# Winter-time fishing



## NaeKid (Oct 17, 2008)

Winter is fully upon us here in Canada, fly-fishing or shore-fishing isn't all that good anymore, the hooks bounce off of the ice and never get close enough for the fish to bite.

In a survival situation, what would the ice-fishermen recommend doin' to get their catch? Let it be known that I have never gone ice-fishing before in my life, so, my question is serious ... I need to learn!


----------



## hiwall (Jun 15, 2012)

Well buy your self one of these ice augers
http://www.basspro.com/StrikeMaster...uct/10201832/?hvarAID=shopping_shoppingdotcom
They work really well. When dull they are almost impossible to re-sharpen. So extra blades. 
They have gas and 12 volt ice augers also. Consider something to use as a shelter when fishing. With no shelter your hole will often freeze shut fairly quickly(or your line freezes to the side of the hole). You can use an ice chisel, like this---
http://www.basspro.com/Eskimo-*******-OnePiece-Ice-Chisel/product/10220137/
When the ice gets 3 or 4 feet thick it sucks making a hole in it. 
You can cut a large hole in the ice and spear fish (great fun if you are in a good spot). Spears and ice saw-----
http://doublediamondspears.com/


----------



## cowboyhermit (Nov 10, 2012)

In a survival situation you want multiple lines. Live bait on the hook and something we call tip-ups can catch a lot of fish in a short amount of time when things are going well. 
Jigging in a hut or with a thick tarp over you is an incredible thing, went fishing with some experienced American fisherpeople in clear water for whitefish and they were amazed, you can see everything. Also if you have a big hut with multiple people, some variation of hot drink dosed with alcohol is mandatory, and something inevitably gets dropped down the hole.
I prefer a good hand auger like mentioned but a chainsaw works great too.


----------



## AuroraHawk (Sep 12, 2012)

You will find a lot of information on youtube and these guys can get you started.
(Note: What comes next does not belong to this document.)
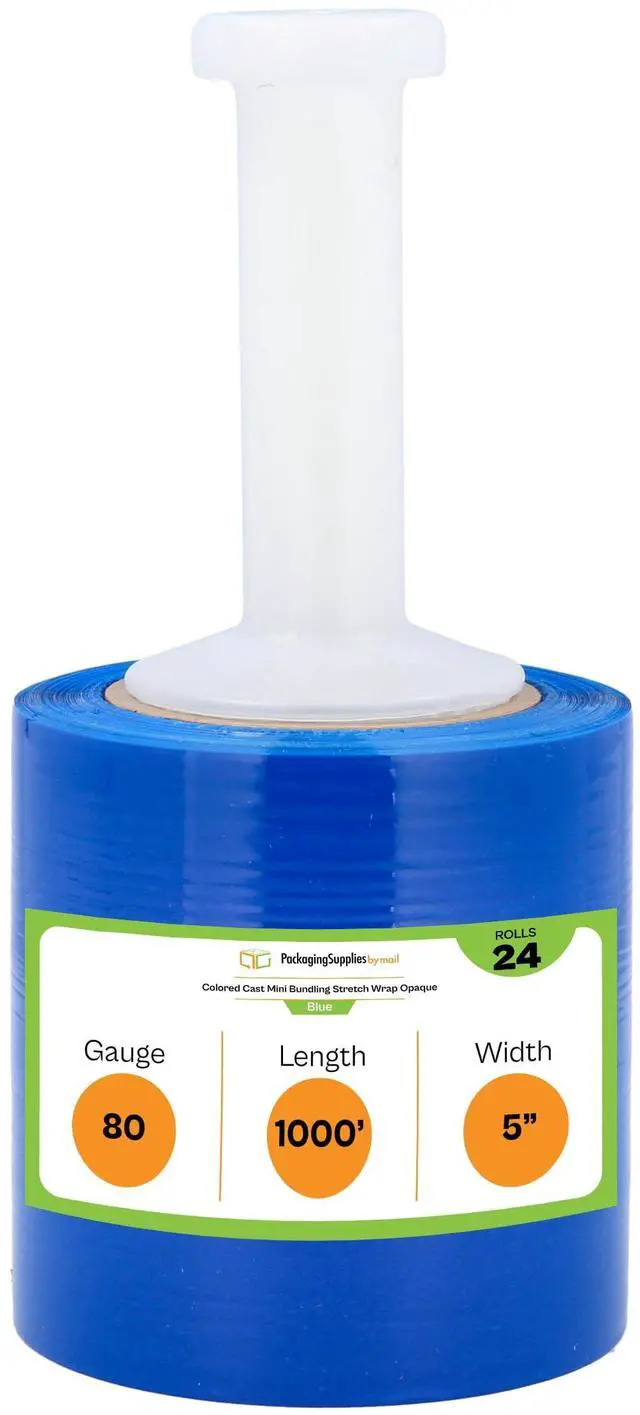 Main image of PSBM Dark Blue Mini Stretch Wrap with Plastic Handle, 24 Rolls 5 Inch x 1000 Feet 80 Gauge Heavy Duty Plastic Wrap Industrial Strength Shrink Film for Moving, Packing & Shipping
Michigan Ice Fishing with Michigan Outdoor Sports Show hosts Al Ward and John Heider


----------



## NaeKid (Oct 17, 2008)

cowboyhermit said:


> In a survival situation you want multiple lines. Live bait on the hook and something we call tip-ups can catch a lot of fish in a short amount of time when things are going well.
> Jigging in a hut or with a thick tarp over you is an incredible thing, went fishing with some experienced American fisherpeople in clear water for whitefish and they were amazed, you can see everything. Also if you have a big hut with multiple people, some variation of hot drink dosed with alcohol is mandatory, and something inevitably gets dropped down the hole.
> I prefer a good hand auger like mentioned but a chainsaw works great too.


I found a picture showing TipUps on Field-n-Stream's website (http://www.fieldandstream.com/articles/fishing/more-freshwater/how-fish/2010/02/how-ice-fish-sounder) and it sounds like things are not quite simple when it comes to setting them up. How critical is it to set up the area and make sure that you will catch something?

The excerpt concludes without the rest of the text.